An editorial in the Los Angeles Herald the morning after the election declares: “The most significant victory in Southern California is that achieved by James McLachlan in the Sixth congressional district.”

That district was comprised of Los Angeles, Ventura, Mon­terey, Santa Barbara, San Luis Obispo, and Santa Cruz counties.

The editorial crows that “[d]espite all evil forebodings,” apparently referring to pessimism expressed in the Times as to his chances, McLachlan was ahead in the vote count by an impressive margin.

A news report in that day’s issue of the evening Ex­press bears the headline “MAJORITY FOR M’LACHLAN WILL REACH 5,000.” It says of the winner:

“Though he had been confident from the beginning that he would receive a rousing majority, he had scarcely hoped that it would be of such astonishing proportions.”

The unofficial tally, reported in the Nov. 9 issue of the San Francisco Call, shows McLachlan with 23,052 votes and the next highest candidate, Democrat William Graves, with 17,789 votes.

Two years later, the Times, turned bashful, made no effort to thwart McLachlan’s renomination—which occurred at the district convention on Aug. 16, 1902, again by acclamation. Los Angeles was now in the Seventh congressional district, and McLachlan was elected to the seat from that district.

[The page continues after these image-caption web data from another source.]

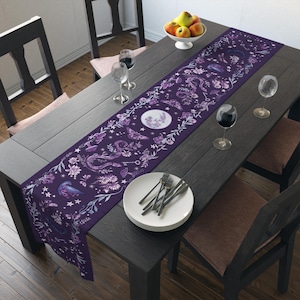 Puede incluir: Un camino de mesa morado oscuro con un diseño caprichoso que presenta lunas, mariposas y elementos florales. El camino de mesa está colocado sobre una mesa de madera oscura, creando un contraste llamativo. La mesa está puesta con platos, cubiertos y copas de vino.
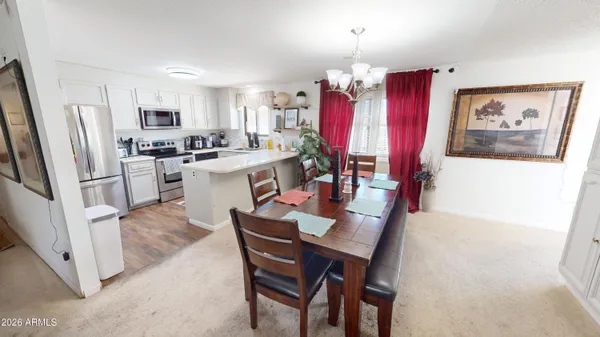 a view of a dining room with furniture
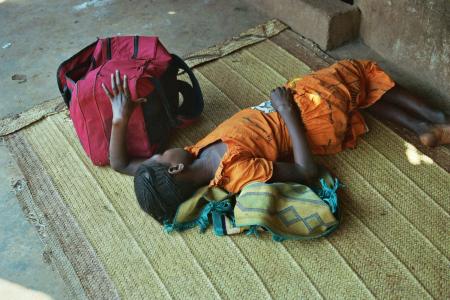 Mädchen liegt auf Teppich mit rotem Schulranzen neben ihr.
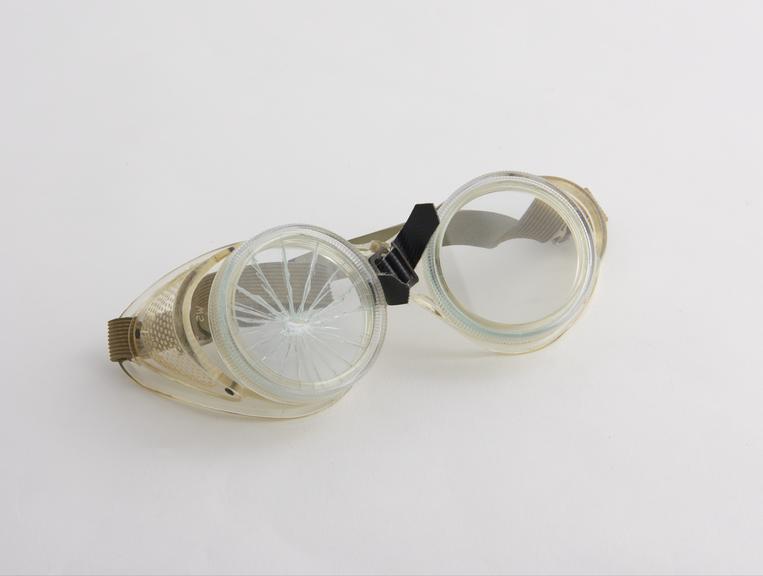 Pair of safety glass goggles, one side normal, one side cracked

Two years passed, the politician sought another term, which he would win. The Times, re-energized, again un­dertook to block the selection of McLachlan by his party.

An Aug. 1, 1904 editorial (published on McLachlan’s 52nd birthday) remarks that it was up to the delegates “to do a wise act or commit a blunder.” The editorial says of McLachlan:

“He has given ample evidence that he lacks initiative, ener­gy, force and influence in Washington. He has not the strength of his convictions….Certainly no one will be so bold as to claim that McLachlan is a statesman capable of grasping the import of events or of coping with the great questions that must be met in the halls of Con­gress….”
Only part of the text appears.